This year the Duncan of Jordanstone Degree show made its way back to the college itself. The preview of the show was held as a catwalk show where models were adorned with various pieces of jewellery, textiles - even a cup and saucer. It’s great to see individual work that is both innovative and often playful.
The level of detail and finish on show in some work is encouraging to see, as is the thought and attention given to how the work is displayed. It’s always good to see the final degree show pieces on display but part of the fascination comes in meeting and speaking to the makers.
Chatting to them reveals the thought behind their pieces, how they have taken a concept and developed it into a body of work. It’s interesting to see how their work has developed and the different directions they have taken, which is sometimes due the challenges they have faced and have had to overcome. It also gives you a glimpse of the skills and qualities required to be a maker. It’s intriguing to hear and see where each take their inspiration from, whether that be from landscapes, electronics or vanity to name but a few.
The care and skill that has gone into some of the pieces is evident. Kellie Theresa Leighton, Precious Metal Bursary Award winner for Jewellery and Silversmithing, is certainly one to watch. Her intricate piercing of 2-D silver to give it a 3-D surface shows the typographical map contour lines. Nicola Reid’s vanity range is fun and unusual; she uses materials such as powder compacts and suspender belts to form her jewellery pieces.

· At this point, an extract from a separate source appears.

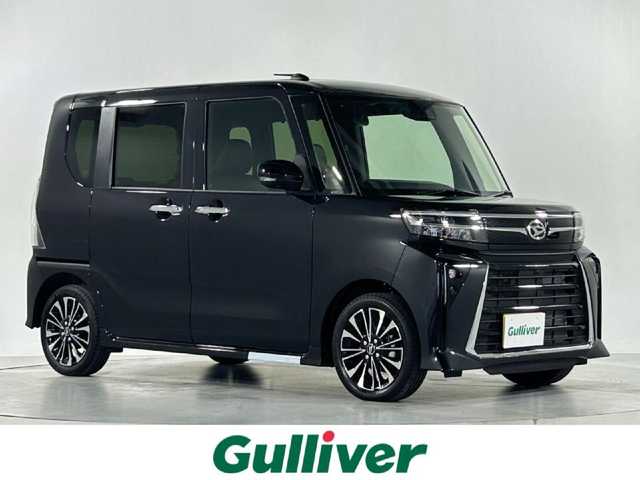 ダイハツ タント カスタム RS 佐賀県 2024(令6)年 0.1万km未満 ブラックマイカメタリック 衝突被害軽減システム/レーンアシスト/オートエアコン/電子パーキング/LEDヘッドライト/盗難防止装置/横滑り防止装置/オートライト/オートマチックハイビーム/スマートキー/プッシュスタート/純正フロアマット/純正15インチアルミホイール/ブレーキ制御付誤発進抑制機能/ふらつき警報/先行車発進お知らせ機能/標識認識機能/コーナーセンサー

Anne Sutherland took time out to find the raw material and spent endless hours panning for gold, some small flakes of which she has used in one of her pieces. It was great to see Alison Bond’s interactive, innovative and fun textile pieces, especially her ‘Talk to Me’ dress which responds to sound through rows of flashing lights. Chatting to Alison she explains that she had no experience or prior knowledge of this particular type of electronics, however, she managed to teach herself coding and electronic construction to produce her etextiles.
From speaking to the students it’s easy to tell that many of them are keen to develop and hone their skills further and some of them should be watched with anticipation.